Optional Rules Options

The way our gaming group is set up is that we are a group of five that meet regularly and when we meet we normally play two games, both Rolemaster. Up until recently that has been one Shadow World and one Faerun/Forgotten Realms.

When we next get together to play; the Shadow World game should come to an end as we are about to take on the ultimate bad guy and either save the world or die trying with no other options on the cards.

What this means is that we need a new game and it is someone else’s turn to GM. As it happens the new GM has not game mastered Rolemaster for many years (in fact his rule books are so old his spell law is printed in a hand written style font in blue ink, what was going on with that?). What we are doing is taking the opportunity to go through ever single companion and every single optional rule and skill and between us trying to unify exactly what options we are using.

The Cover of Rolemaster Companion IV
Rolemaster Companion IV

One of the nicest features of all the Rolemaster Companions after Companion IV is that they contain a couple of pages of tick lists with all the optional rules and how important that option is, whether it is considered a core rule now, is it highly recommended, does it add a lot of complexity to the game and so on. As two separate GMs we can complete the tick lists apart, see what is the same and then look at where we diverge and discuss those particular rules.

I think this is a brilliant concept of not only identifying every rule and where to find it but also how important the game designers felt each rule was. I am a bit of a miserable git at times and think that every optional rule I introduce has to add something substantial to the game, to pay its way so to speak.

The framework we create in the coming months will probably be our default game now for the next ten years unless I can convince them all to do a Rolemaster Unified Beta II play test.

Watch this space.

2 Replies to “Optional Rules Options”

  1. I absolutely loved the “master skill list” section that was included in the Companions. That helped me out in the most time saving way you can imagine. I even went the extra steps of photocopying the pages from the Companions and sorting them in my own 3-ring binders.

    I have one binder with all the content needed for character creation:
    – All of the races from the Core Books and RMC I
    – The stat gain, Temp/Potential, and SP/DP charts
    – All of the professions from all of the Companions
    – All of the tables for Background Options should a player choose to roll the dice on them (Even Oriental Companion! :))
    – All of the skills. This one takes up a large section of the binder

    It was a little time consuming and added some costs, but it was so worth it. I can blast through character creation so much more readily.

    I have a binder with all of the new weapon attack tables and crit tables, MM tables, static action tables… all stuff I need as the GM to try to keep the chart referencing more streamlined.

    I have the “GM Book of goodies” which has treasures, poisons, herbs, etc. that are not specifically part of C&T I, II, III.

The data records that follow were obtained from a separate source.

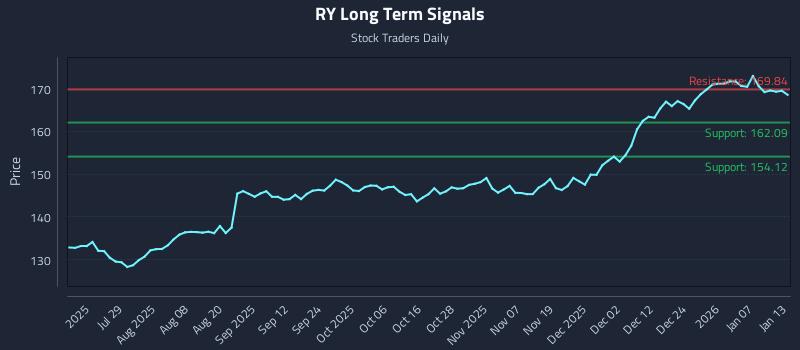 RY Long Term Analysis for January 13 2026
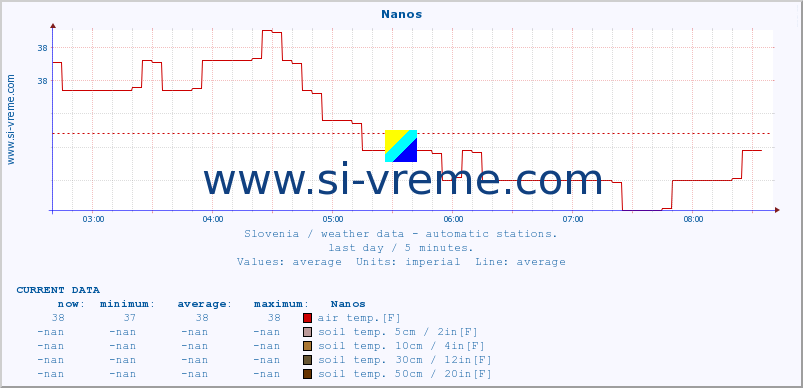  :: Nanos :: air temp. | humi- dity | wind dir. | wind speed | wind gusts | air pressure | precipi- tation | sun strength | soil temp. 5cm / 2in | soil temp. 10cm / 4in | soil temp. 20cm / 8in | soil temp. 30cm / 12in | soil temp. 50cm / 20in :: last day / 5 minutes.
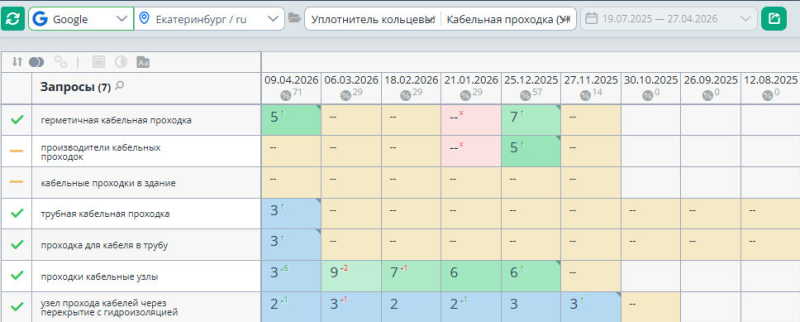 Динамика позиций по группе &laquo;Кабельные проходки&raquo; в Google 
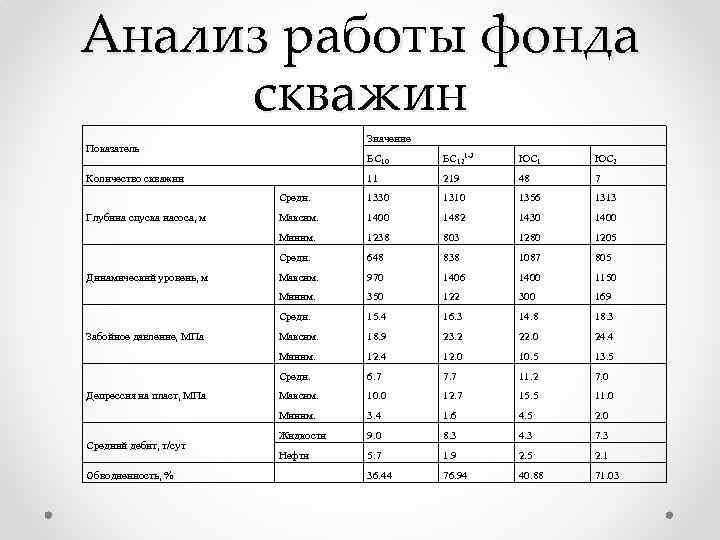 Анализ работы фонда скважин Значение Показатель БС 10 БС 121 -3 ЮС 1 ЮС
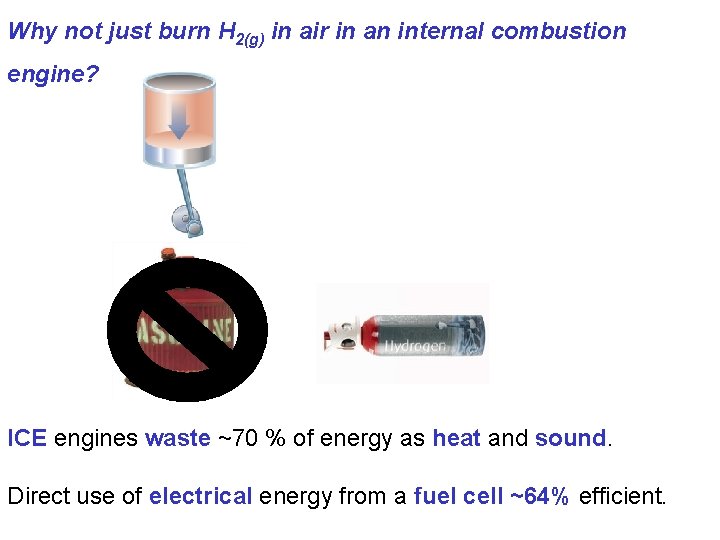 Why not just burn H 2(g) in air in an internal combustion engine? ICE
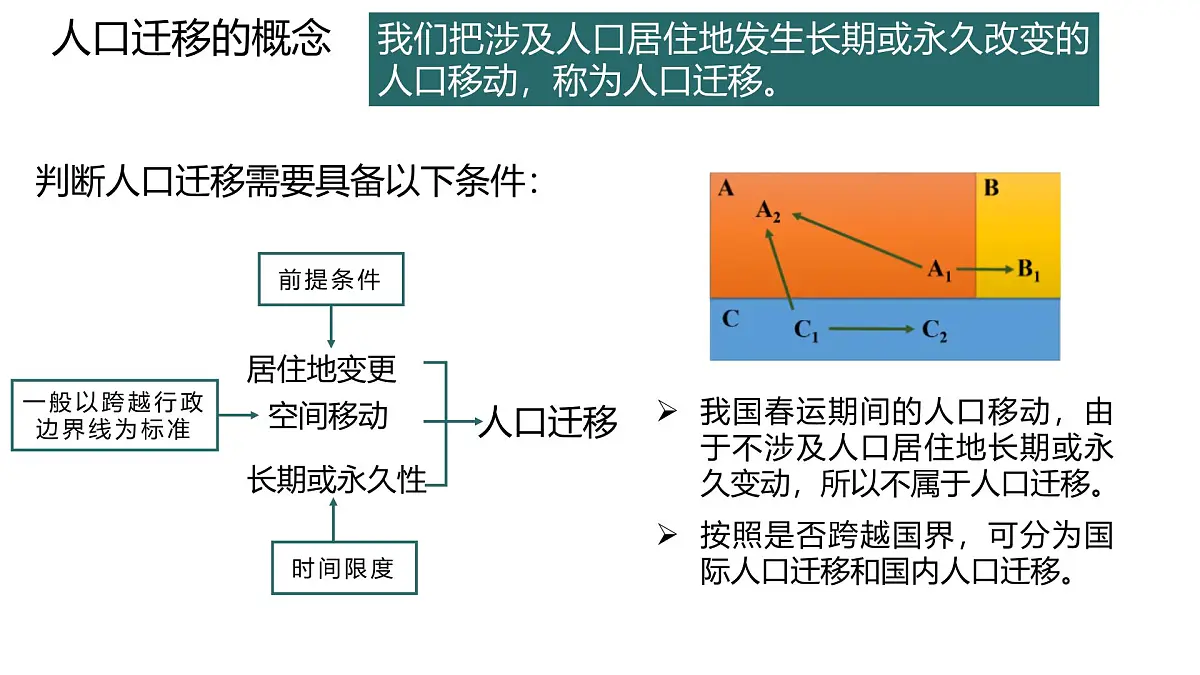 人教版高中地理 必修 第二册 1-2《人口迁移》课件第5页
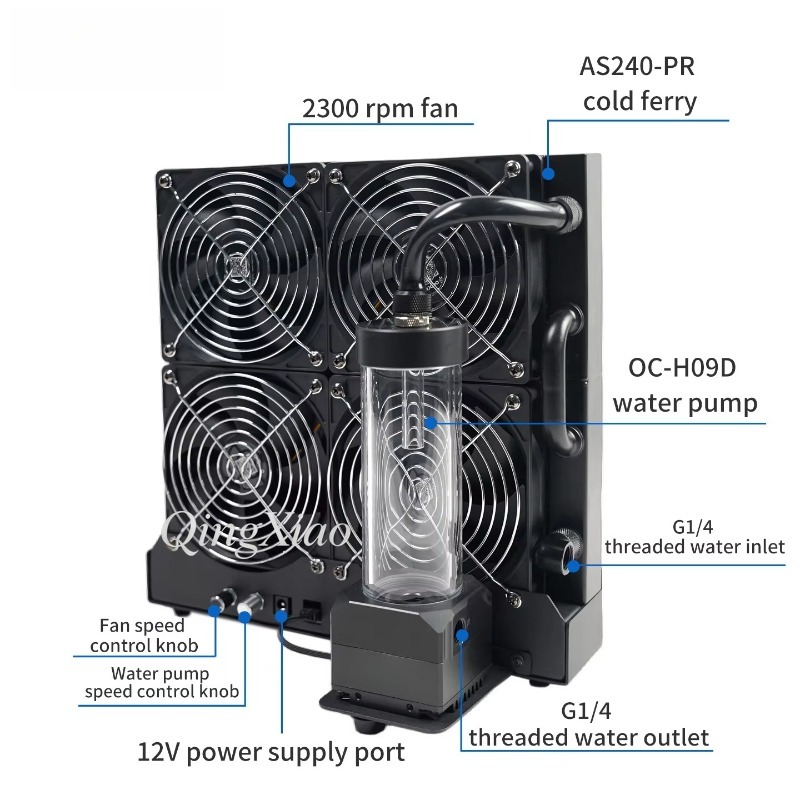 Kit de Refrigeración Externo I - External Radiator Water Cooling Kit reseña y precio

    It’s been a boon. Keep in mind, this is all before PC… the electronic things we use now. PDFs weren’t readily available. There were no electronic versions of things. We couldn’t use Word and Excel to copy/paste.

    Ahhhh the good ole days.

    I’m trying to get the new group of RM players into another session. I’m hoping I can get at least a couple of them in a session. My kids miss playing too.

    1. I am a great believer in streamlining. I have a folder in which I have the attack tables for just the weapons that the party are using and I need as GM for that particular session. The most common critical table for each weapon is on the facing page. This means I barely have to touch arms law during a session.

      I have a second folder with the spell caster NPCs with all their spell lists behind them with the actual spells they are capable of casting highlighted. At the back of that folder are the attack tables and criticals I need for that session. I barely have to touch spell law during a session.

      A third folder has copies of the monster/non magical NPCs I need for that session. I then do not need to use creatures and treasures during the session.

      By having these tiny sub sets of the rulebooks to hand it makes looking up things so much faster. I just ‘load up’ up the folders with what I need before the session starts.

      All my NPCs these days are in PDF format, all my rulebooks are PDF and all the game notes I create and adventures I save as word docs that I edit but also save a PDF. All of these documents are held in shared droopbox folders for cloud back up.

      I could run an entire session just off my smartphone if needed or I could fish out any NPC. I even scan all the PCs character sheets and hae them in Dropbox so I can bring them up when I need them.